■ WHAT YOU SHOULD DO
Copy the listing as it is written, and leave each picture out.
*** Opening of DATASET ENTRIES ***
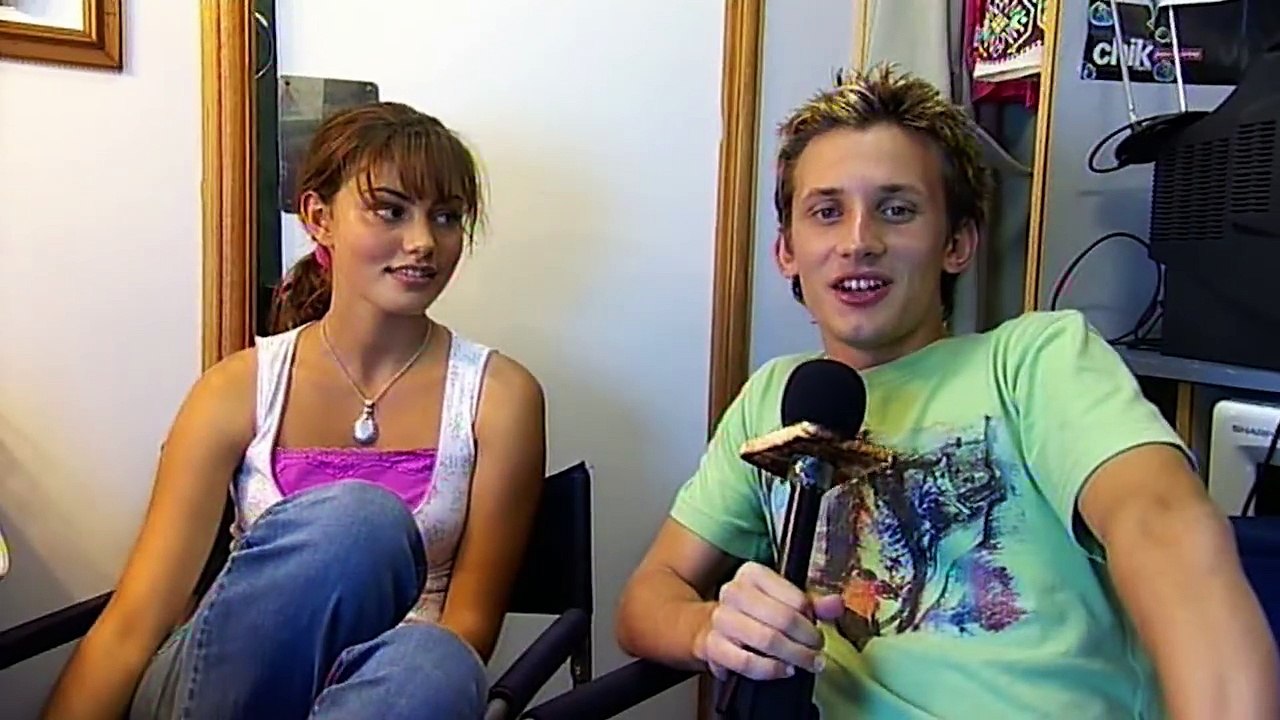 Phoebe Tonkin behind the scenes // H2O JUST ADD WATER // official H2O channel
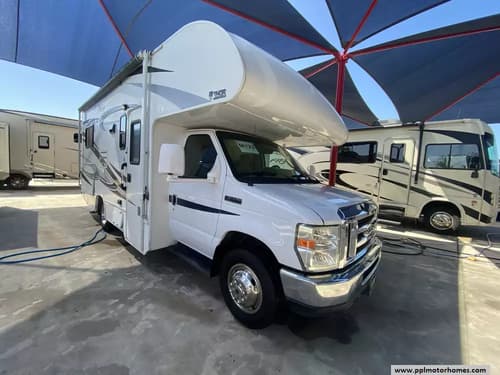 64063 - 21' 2014 Thor Freedom Elite M21c 21C Image 1
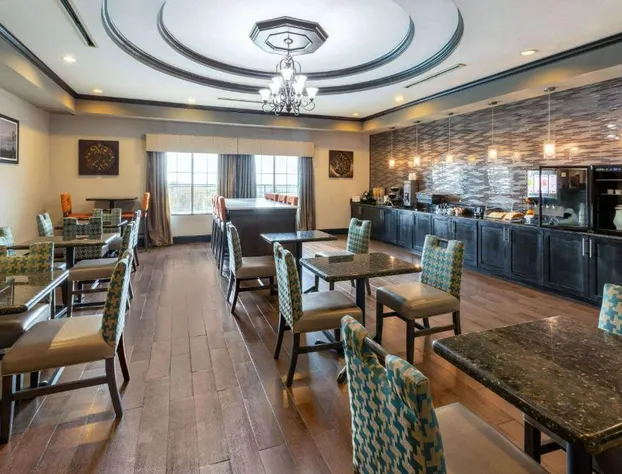 La Quinta Inn & Suites by Wyndham Fort Worth - Lake Worth hotel detail image 1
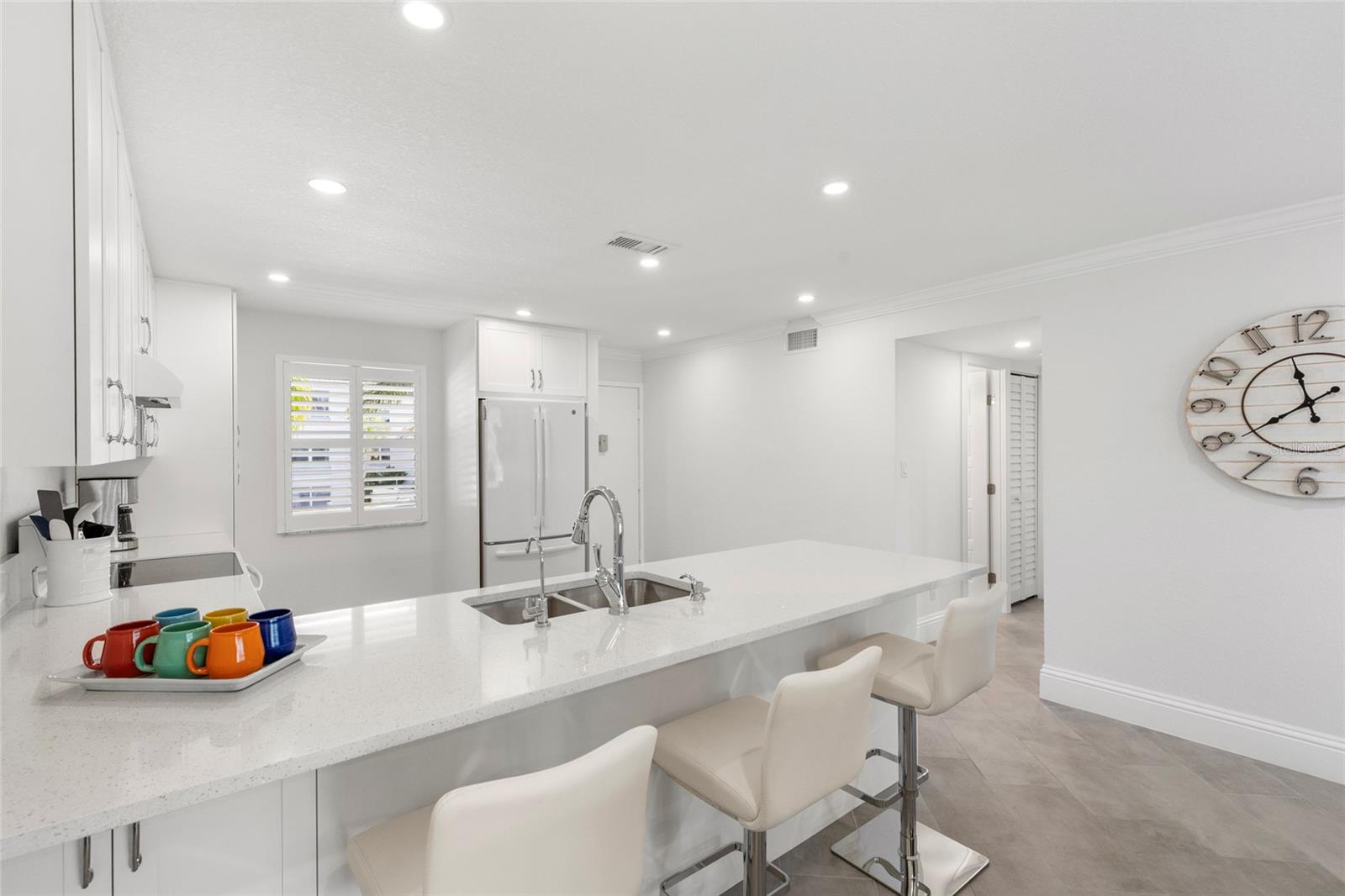 4390 EXETER DR #206, LONGBOAT KEY, FL, 34228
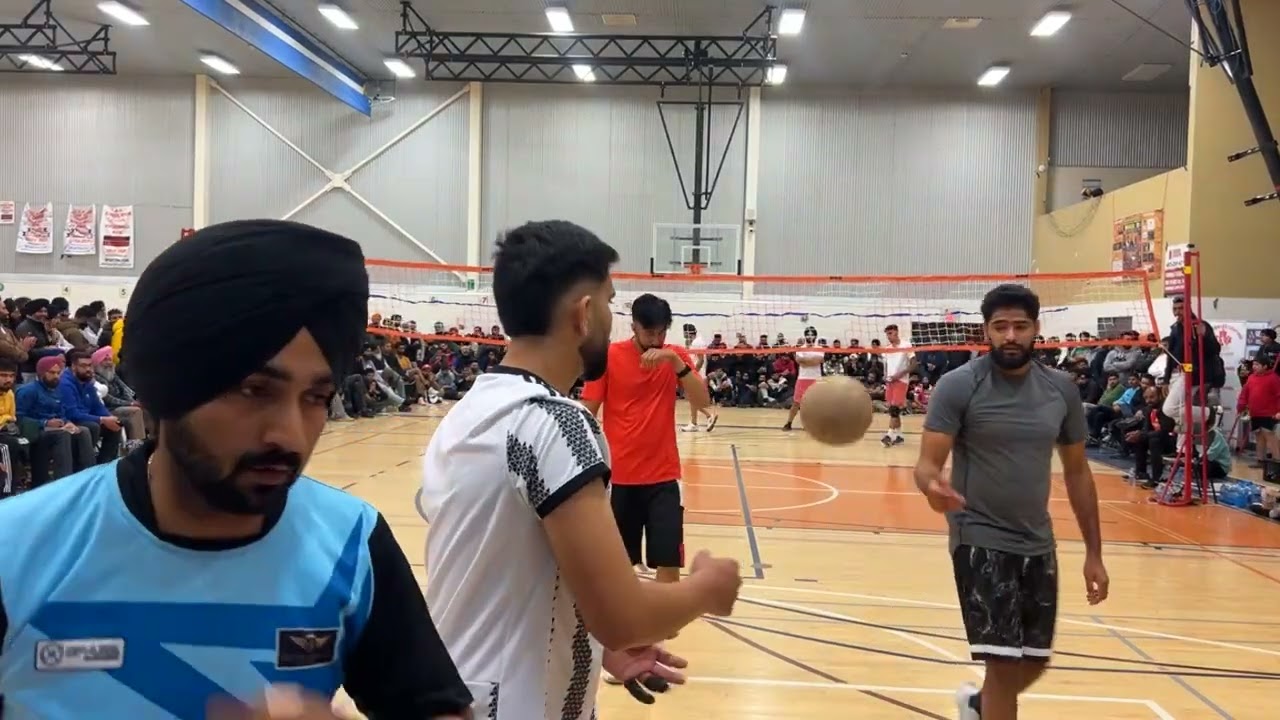 Ranjeet Johal (Rajpal Bagri, Tiger) Vs Binder Khanjarwal at Calgary Shooting Volleyball Tournament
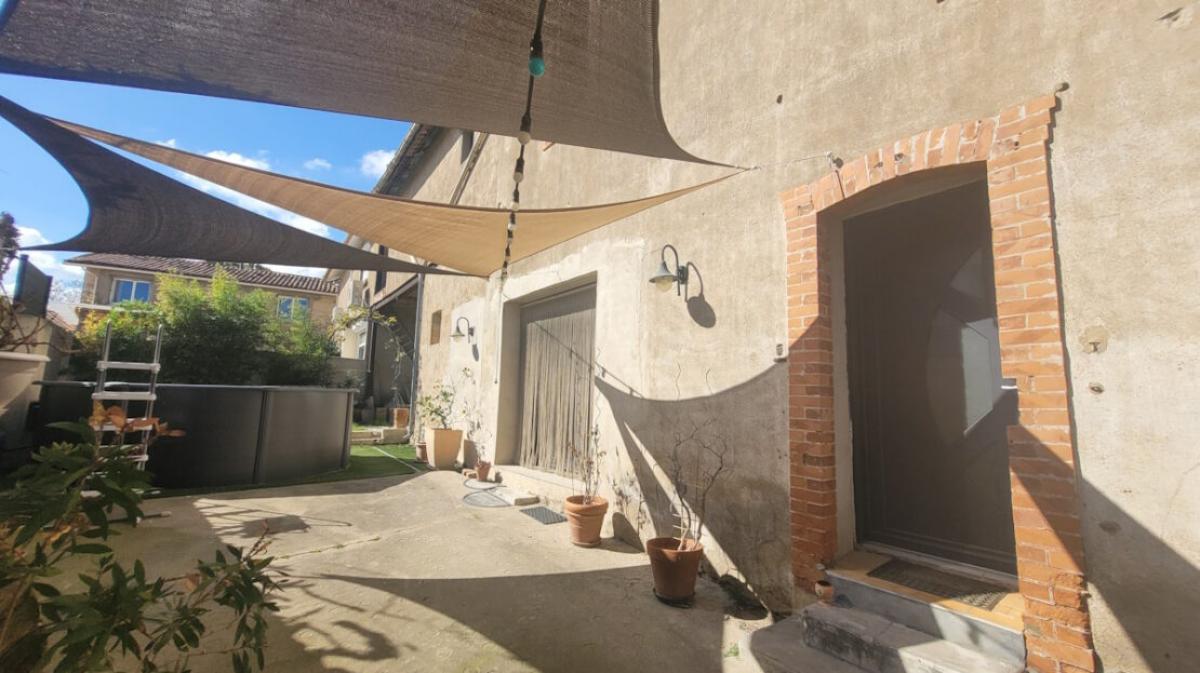 Picture of Home For Sale in Autignac, Languedoc Roussillon, France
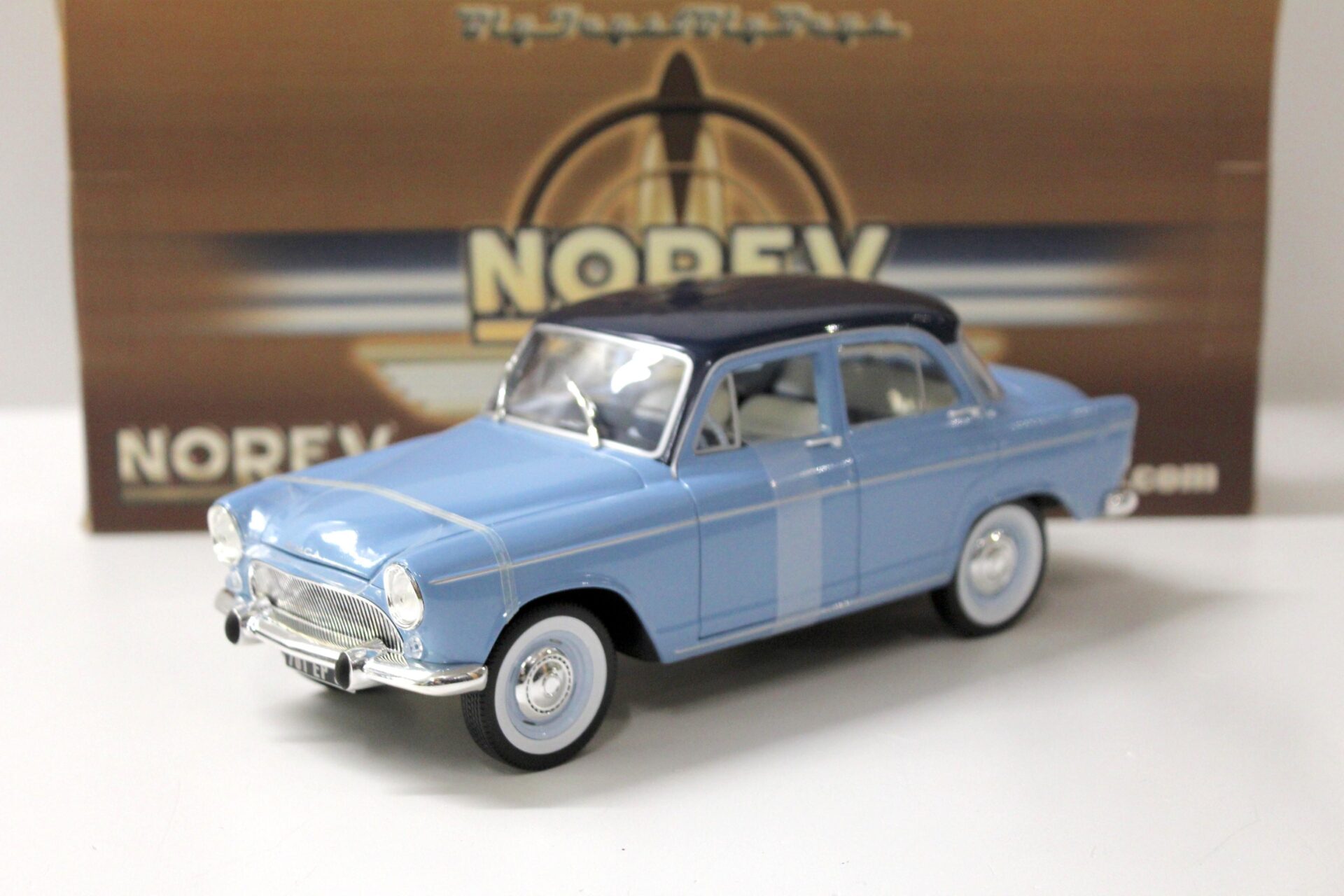 ID 54784 orig 1.jpg 1:18 Norev Simca Aronde P60 Montlhery blue/ dark blue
*** Close of DATASET ENTRIES ***
■ EXERCISE RESPONSE
 Phoebe Tonkin behind the scenes // H2O JUST ADD WATER // official H2O channel
 64063 - 21' 2014 Thor Freedom Elite M21c 21C Image 1
 La Quinta Inn & Suites by Wyndham Fort Worth - Lake Worth hotel detail image 1
 4390 EXETER DR #206, LONGBOAT KEY, FL, 34228
 Ranjeet Johal (Rajpal Bagri, Tiger) Vs Binder Khanjarwal at Calgary Shooting Volleyball Tournament
 Picture of Home For Sale in Autignac, Languedoc Roussillon, France
 ID 54784 orig 1.jpg 1:18 Norev Simca Aronde P60 Montlhery blue/ dark blue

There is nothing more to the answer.